### Assignment:
Using the listing below, print the line containing "Orange juice flat", the line containing "Think & Grow", and each line between them, exactly and nothing else. Pictures stay out of the print.

### Listed entries:
* * *
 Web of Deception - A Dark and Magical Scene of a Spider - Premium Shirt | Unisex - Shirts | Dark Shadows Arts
* * *
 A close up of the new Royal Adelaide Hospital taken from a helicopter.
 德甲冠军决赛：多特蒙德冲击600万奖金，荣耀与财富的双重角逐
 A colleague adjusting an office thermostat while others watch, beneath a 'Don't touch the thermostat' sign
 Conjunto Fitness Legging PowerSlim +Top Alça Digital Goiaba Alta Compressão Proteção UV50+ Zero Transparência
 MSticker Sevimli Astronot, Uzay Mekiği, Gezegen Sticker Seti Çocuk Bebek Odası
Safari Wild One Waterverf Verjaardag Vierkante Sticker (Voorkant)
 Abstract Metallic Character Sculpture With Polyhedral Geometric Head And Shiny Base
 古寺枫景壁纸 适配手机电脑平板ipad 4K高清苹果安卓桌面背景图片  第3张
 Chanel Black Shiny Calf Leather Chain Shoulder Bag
* * *
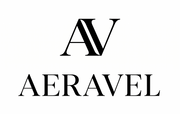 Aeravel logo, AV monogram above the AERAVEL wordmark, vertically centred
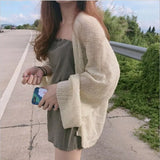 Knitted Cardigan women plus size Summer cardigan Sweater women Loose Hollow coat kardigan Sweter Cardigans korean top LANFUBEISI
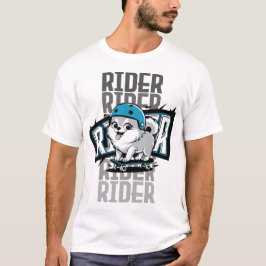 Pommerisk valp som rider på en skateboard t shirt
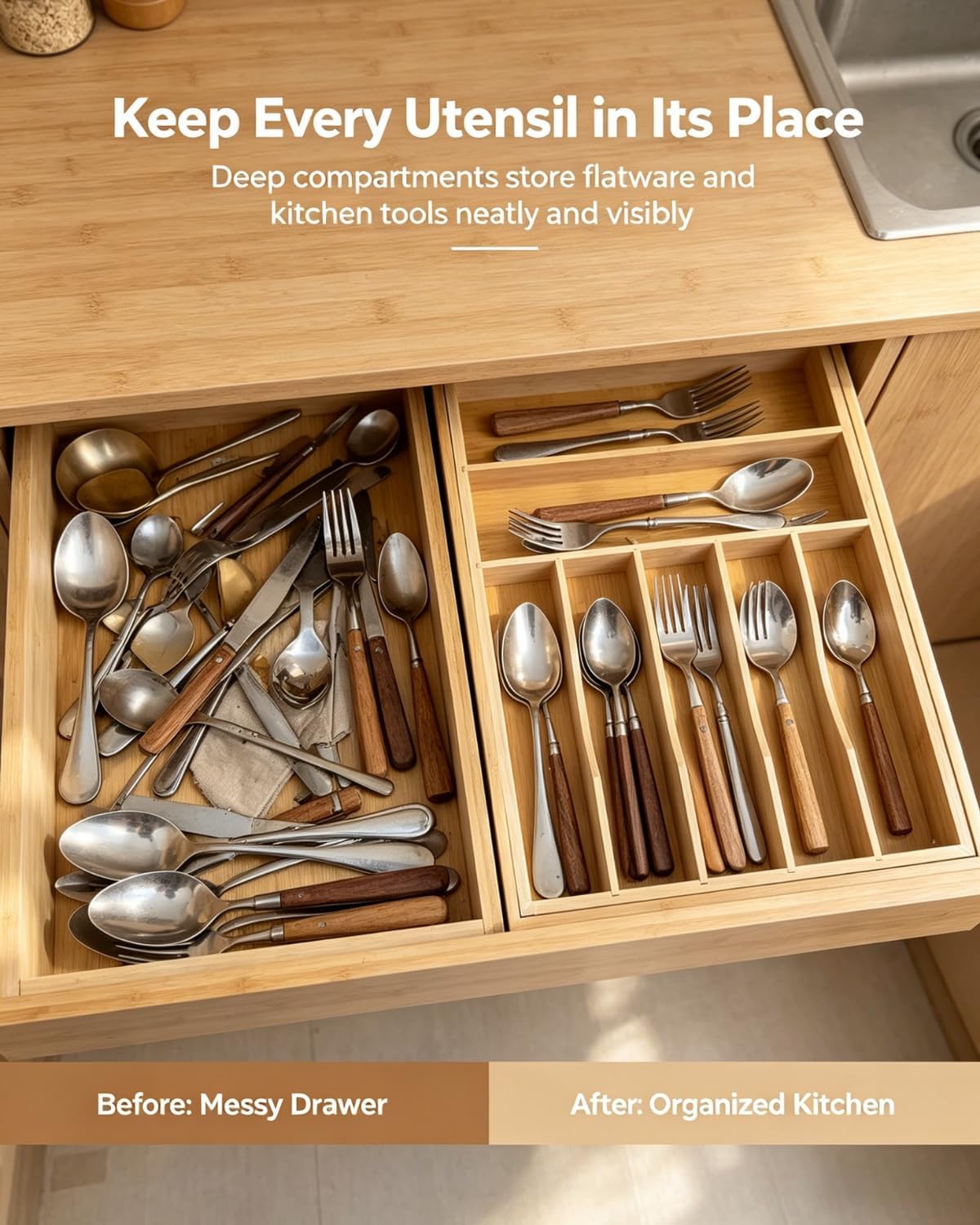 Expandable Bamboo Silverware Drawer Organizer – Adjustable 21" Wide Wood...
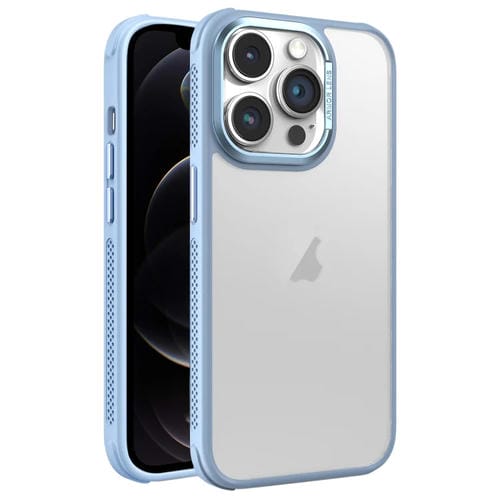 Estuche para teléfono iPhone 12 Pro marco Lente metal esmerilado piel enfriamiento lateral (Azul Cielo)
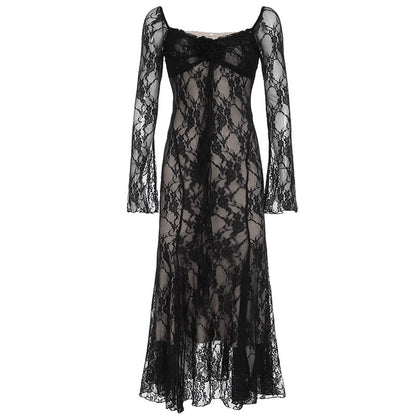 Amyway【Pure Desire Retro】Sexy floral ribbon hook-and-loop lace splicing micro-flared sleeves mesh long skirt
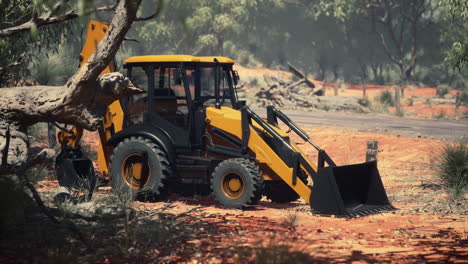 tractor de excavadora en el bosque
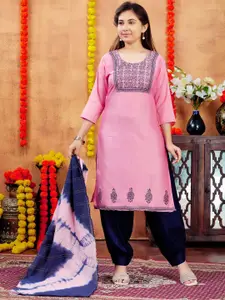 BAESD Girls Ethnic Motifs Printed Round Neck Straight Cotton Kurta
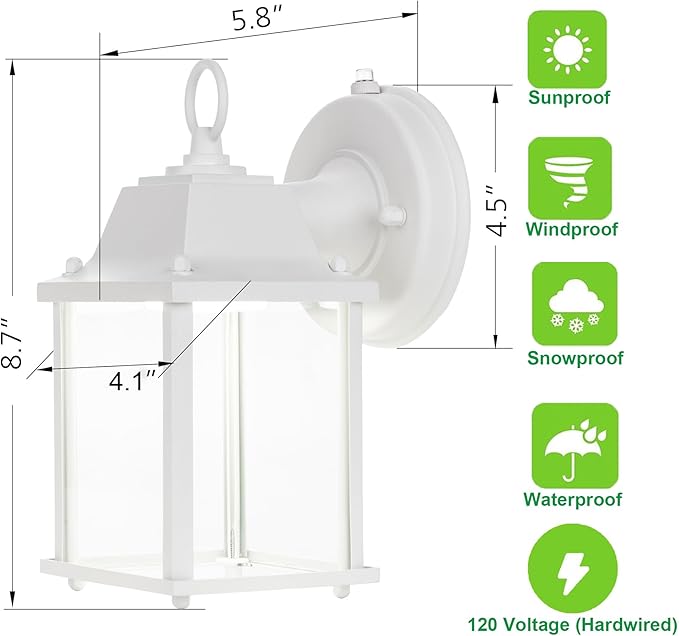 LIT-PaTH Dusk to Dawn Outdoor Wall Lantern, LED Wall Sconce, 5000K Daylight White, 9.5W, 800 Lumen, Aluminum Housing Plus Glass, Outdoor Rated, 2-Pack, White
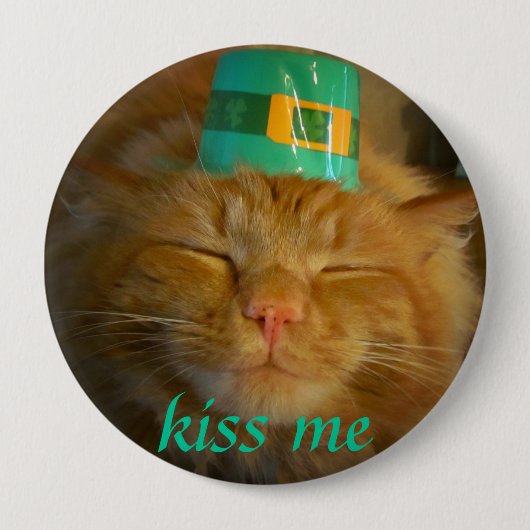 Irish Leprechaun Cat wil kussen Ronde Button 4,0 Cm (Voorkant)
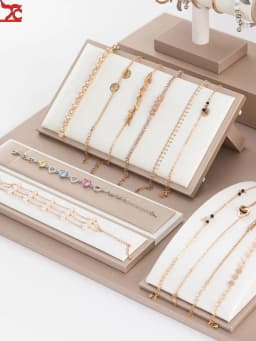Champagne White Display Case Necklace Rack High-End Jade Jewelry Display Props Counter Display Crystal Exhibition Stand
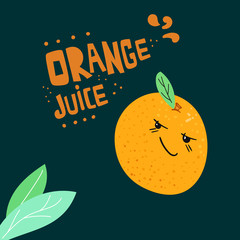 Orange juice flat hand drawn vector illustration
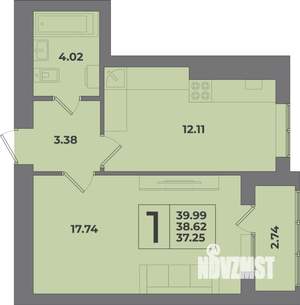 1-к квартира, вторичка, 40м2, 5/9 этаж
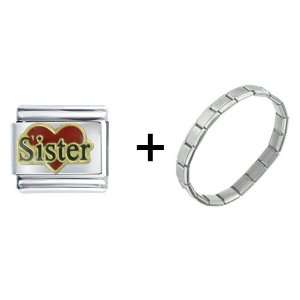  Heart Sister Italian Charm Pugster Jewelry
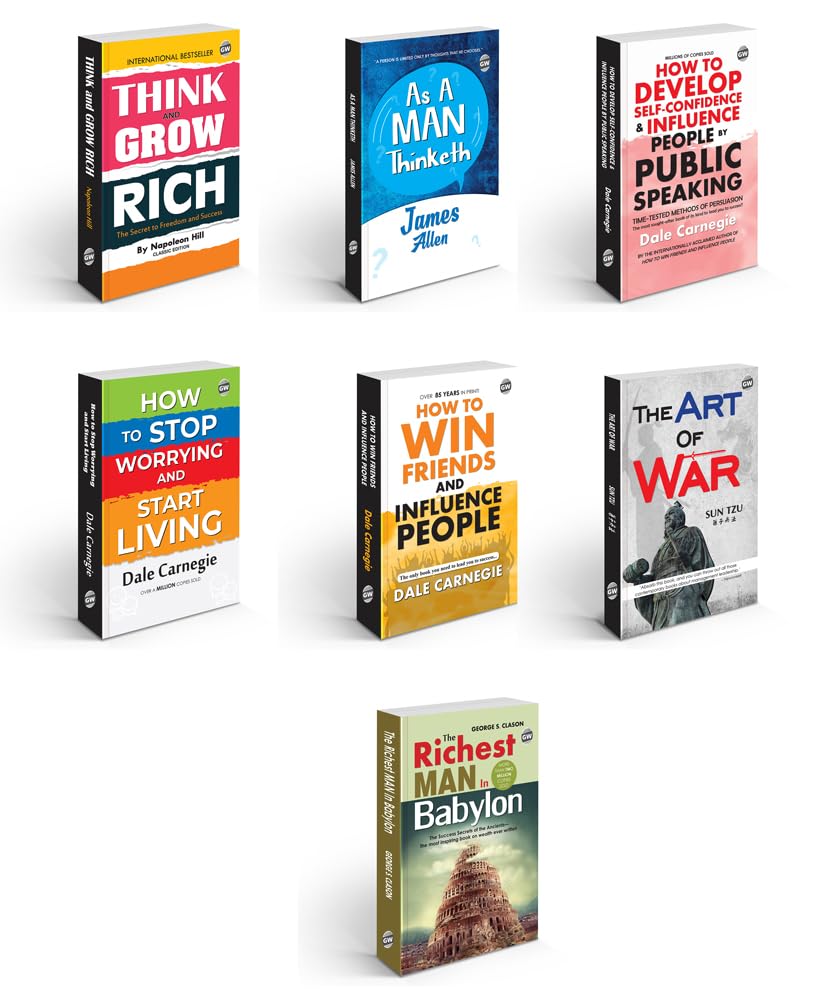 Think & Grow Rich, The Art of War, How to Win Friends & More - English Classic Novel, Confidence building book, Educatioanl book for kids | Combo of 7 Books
* * *
### Written response:
 Orange juice flat hand drawn vector illustration
 1-к квартира, вторичка, 40м2, 5/9 этаж
  Heart Sister Italian Charm Pugster Jewelry
 Think & Grow Rich, The Art of War, How to Win Friends & More - English Classic Novel, Confidence building book, Educatioanl book for kids | Combo of 7 Books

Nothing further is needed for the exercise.